• **Work to complete**
Only the lines from the one containing "Geantă tote de" through the end of the data are wanted, reproduced exactly and without pictures.

Caption-style text data
________________________________________
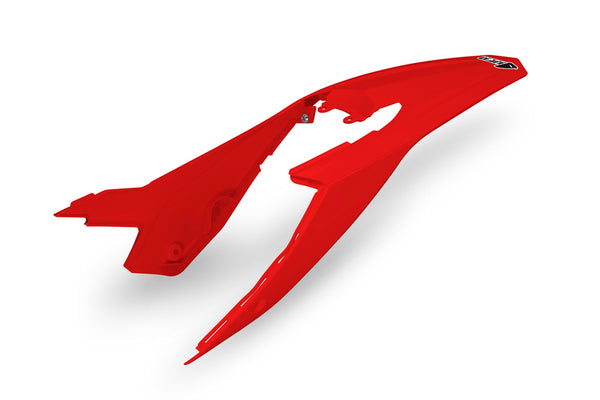 UFO zadný blatník + bočné panely - beta rr BE02001#063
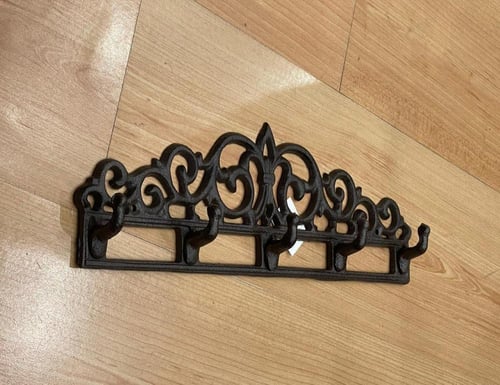 علاق جداري معدني عدد 5 علاقات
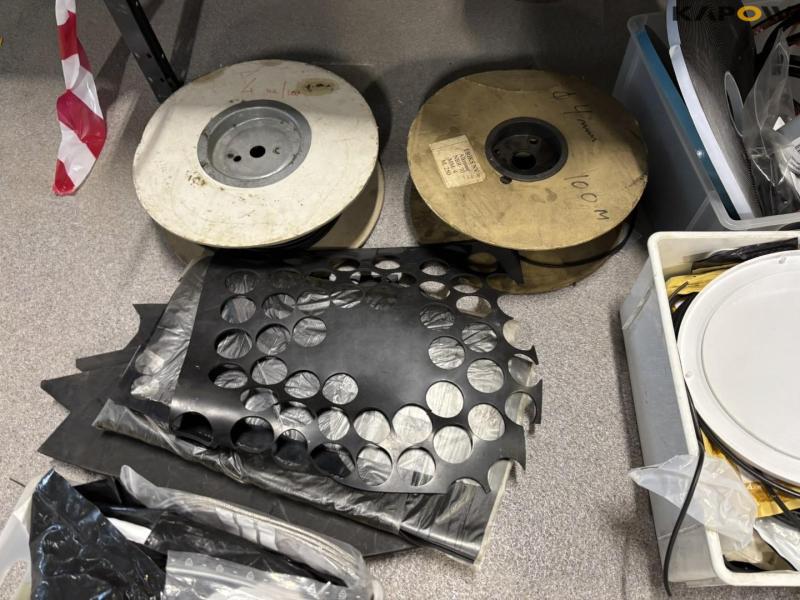 Various screws and bolts 18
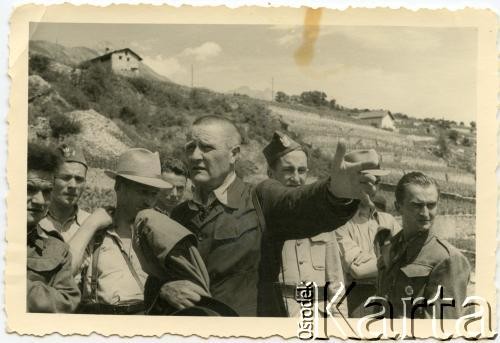Lata 40., Szwajcaria.
Prawdopodobnie miejsce internowania polskich żołnierzy. Ludwik Figna (pierwszy z prawej).
Fot. NN, zbiory Juana Ludvica Figny, reprodukcje cyfrowe w Bibliotece Polskiej im. Ignacego Domeyki w Buenos Aires (Biblioteca Polaca Ignacio Domeyko) i w Ośrodku KARTA w Warszawie.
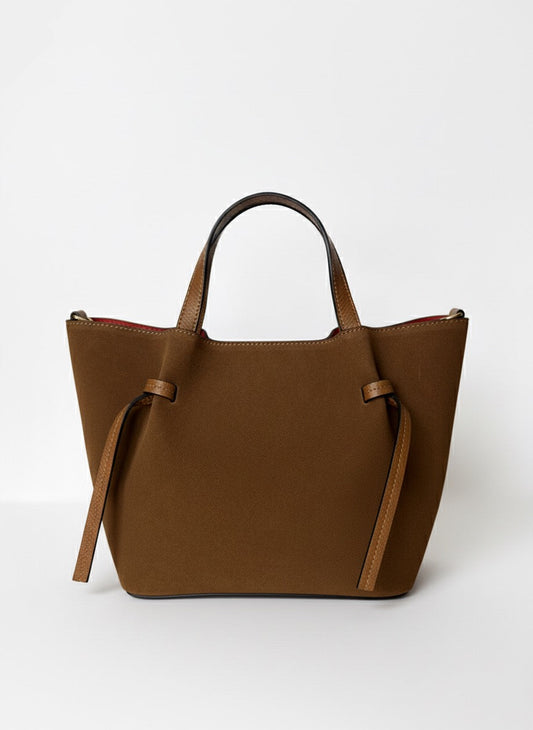 Geantă tote de damă camel din piele naturală întoarsă, Made in Italy, model elegant și încăpător cu mânere de umăr, design premium pentru ținute de zi și office.
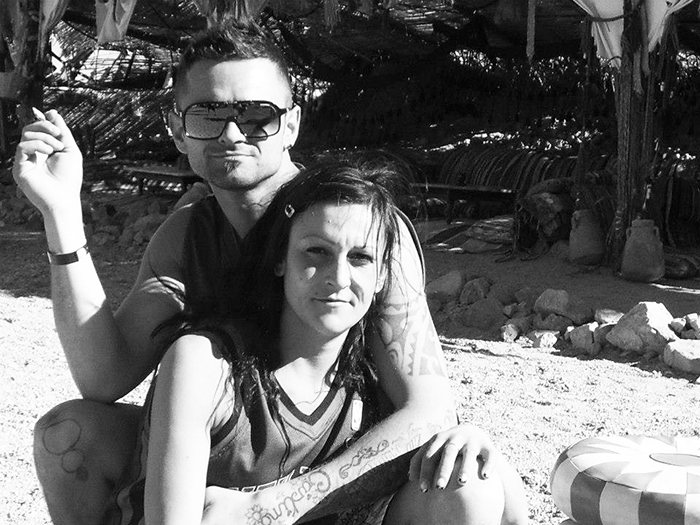 Valentina a Davide sarebbero stati investiti dopo l'incidente. E' caccia al pirata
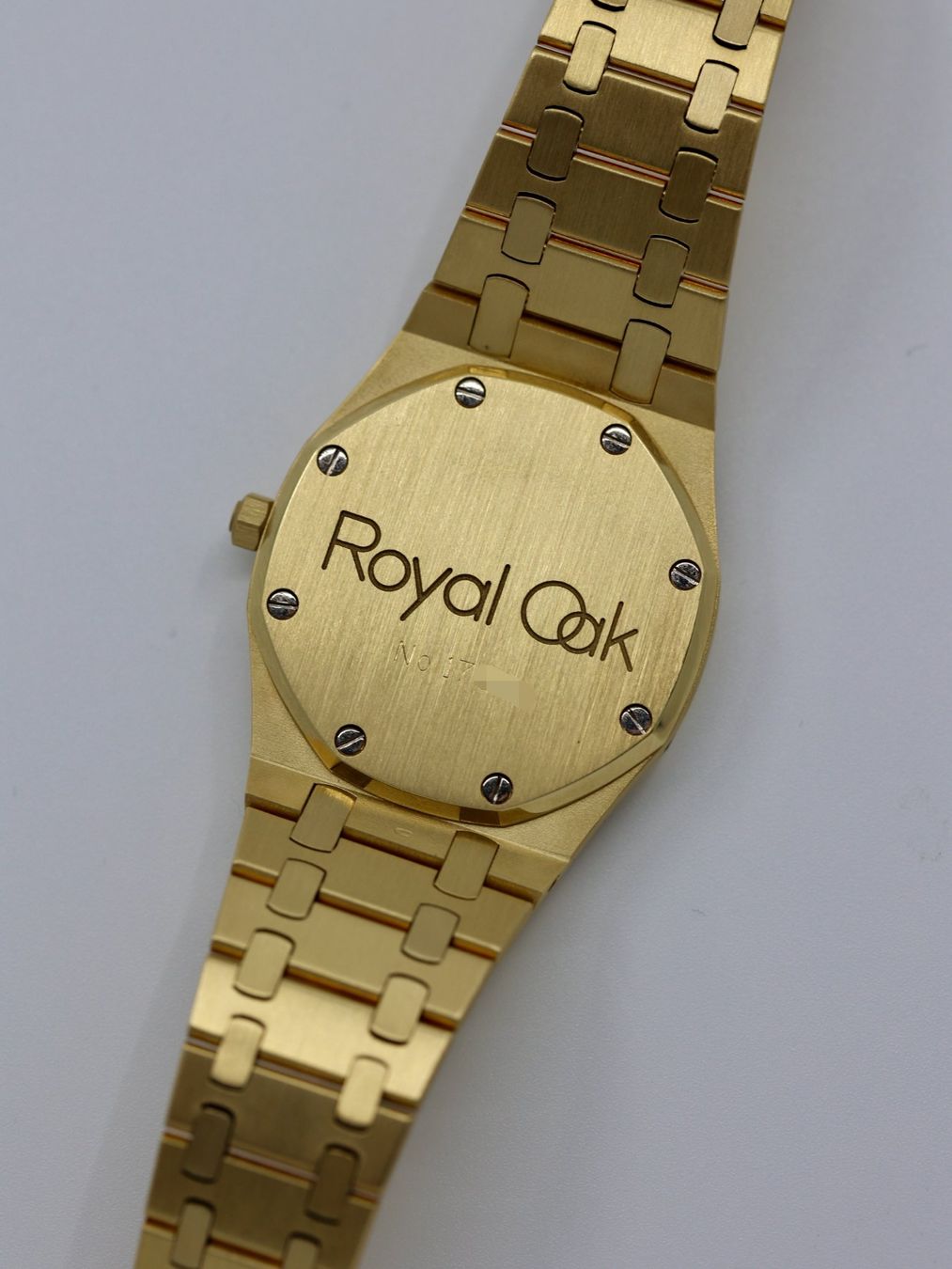 Audemars Piguet Montres: Audemars Piguet Royal Oak 4100BA – D'occasion à Zürich par Lazulivintagewatches 9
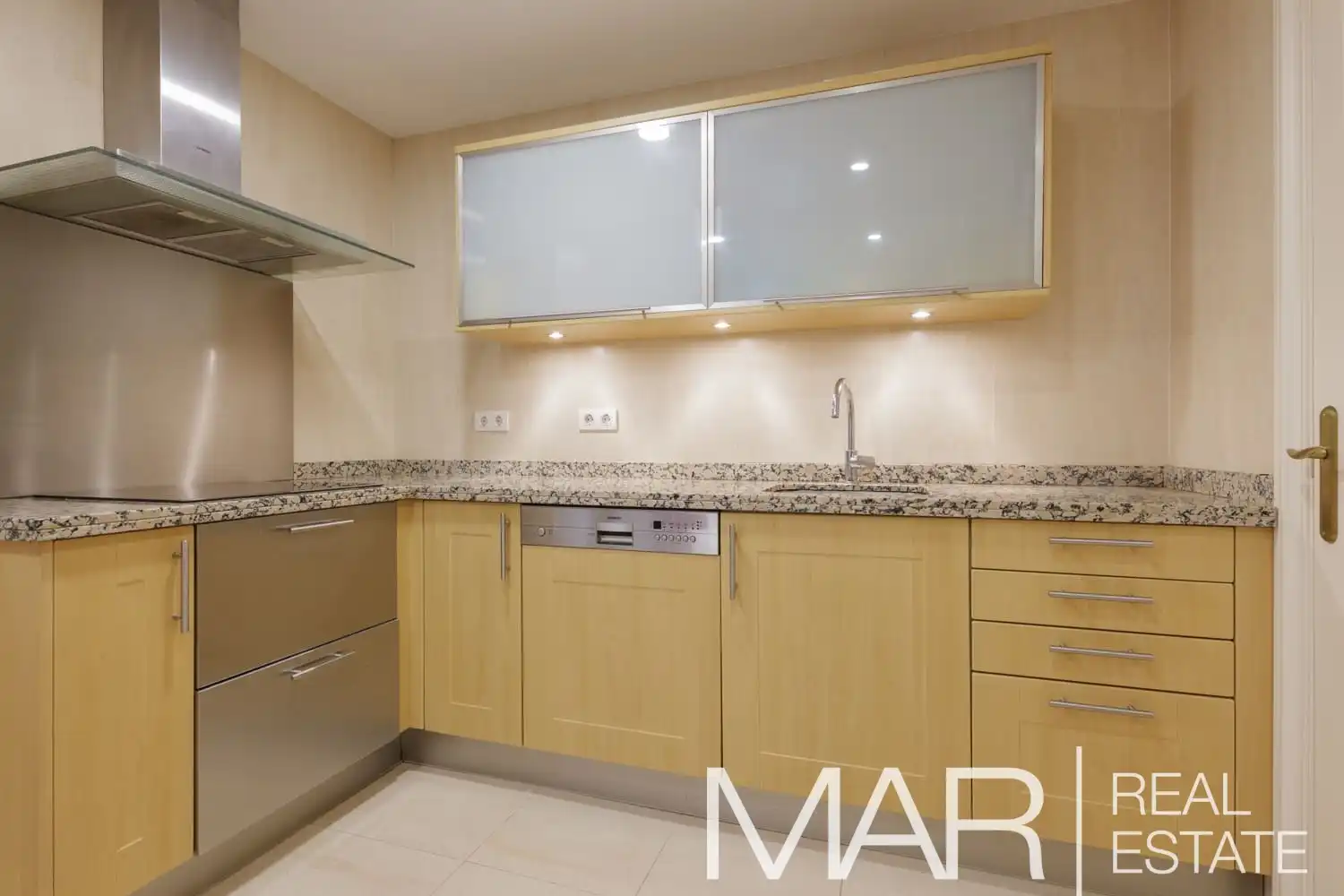 Flat for sale in Calle Nogales, Acacias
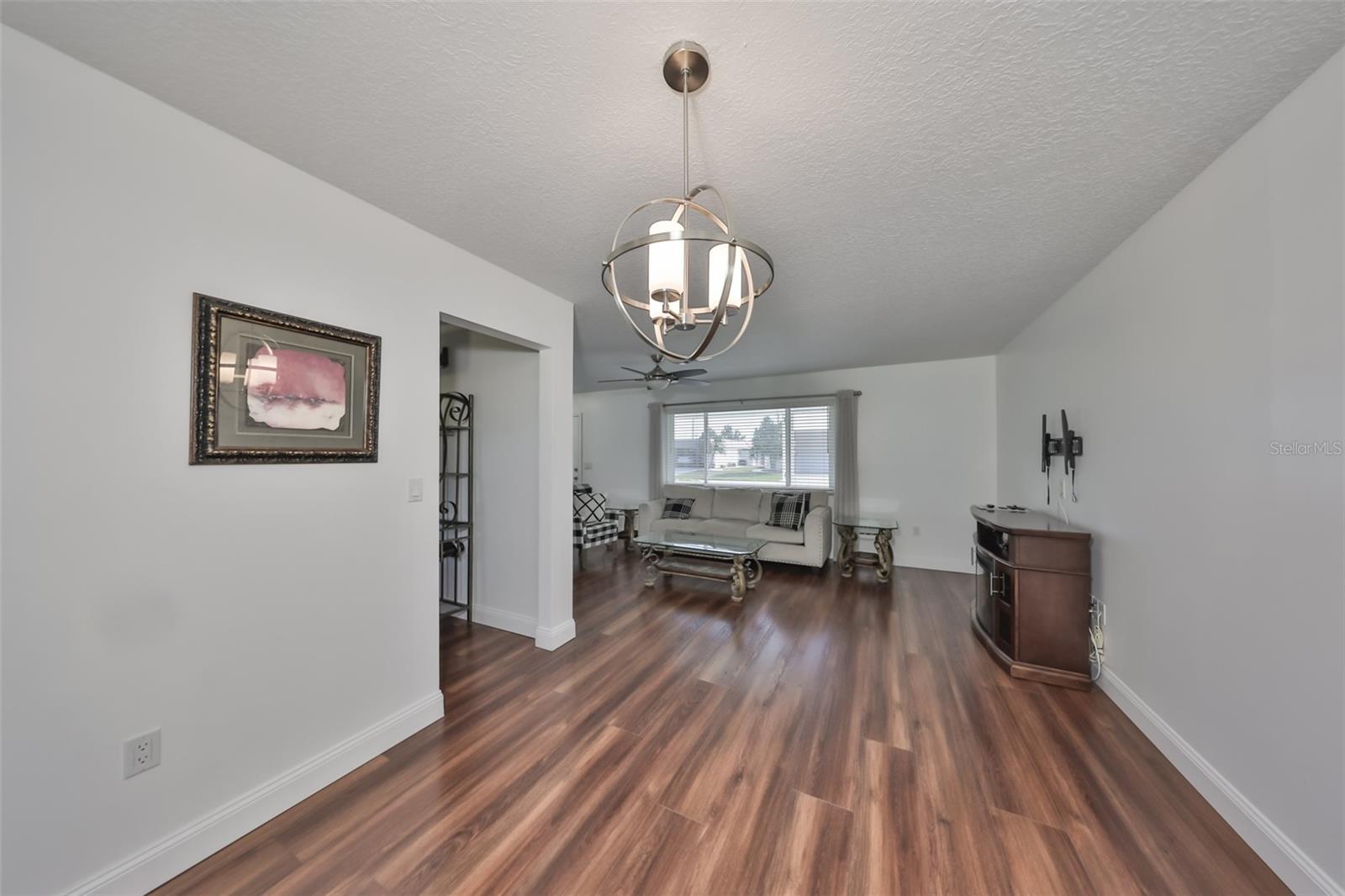 Image 14 of 39 For 611 Fox Hills Drive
________________________________________
• **Answer space**
 Geantă tote de damă camel din piele naturală întoarsă, Made in Italy, model elegant și încăpător cu mânere de umăr, design premium pentru ținute de zi și office.
 Valentina a Davide sarebbero stati investiti dopo l'incidente. E' caccia al pirata
 Audemars Piguet Montres: Audemars Piguet Royal Oak 4100BA – D'occasion à Zürich par Lazulivintagewatches 9
 Flat for sale in Calle Nogales, Acacias
 Image 14 of 39 For 611 Fox Hills Drive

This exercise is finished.